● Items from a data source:
++++++++

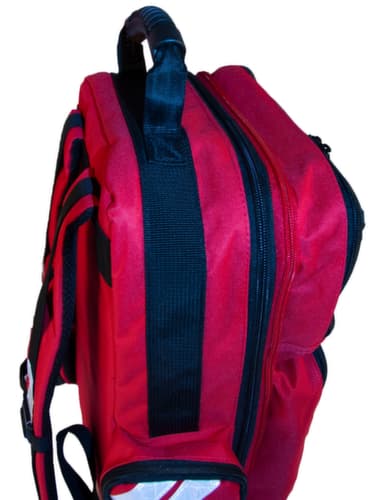 ultraMEDIC Rettungsrucksack ultraRESCUE LITE SP, Füllung nach DIN 13157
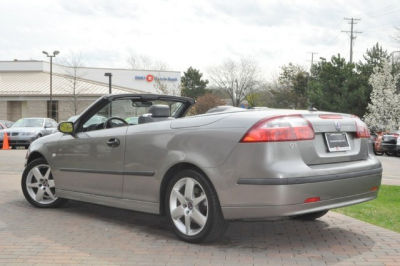 2004 Saab 9-3  Arc
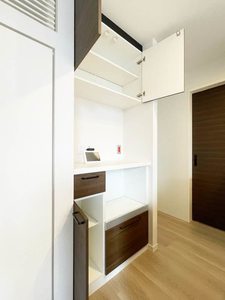 ステラ　キャシェット 303号-6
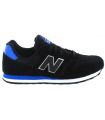 New Balance ML373MST - Chaussures de Casual Homme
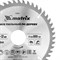 Пильный диск по дереву, 160 х 32 мм, 48 зубьев Matrix Professional 73251 - фото 763808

++++++++

Transcribe all records verbatim, no pictures.

● Answer to this problem:
 ultraMEDIC Rettungsrucksack ultraRESCUE LITE SP, Füllung nach DIN 13157
 2004 Saab 9-3  Arc
 ステラ　キャシェット 303号-6
 New Balance ML373MST - Chaussures de Casual Homme
 Пильный диск по дереву, 160 х 32 мм, 48 зубьев Matrix Professional 73251 - фото 763808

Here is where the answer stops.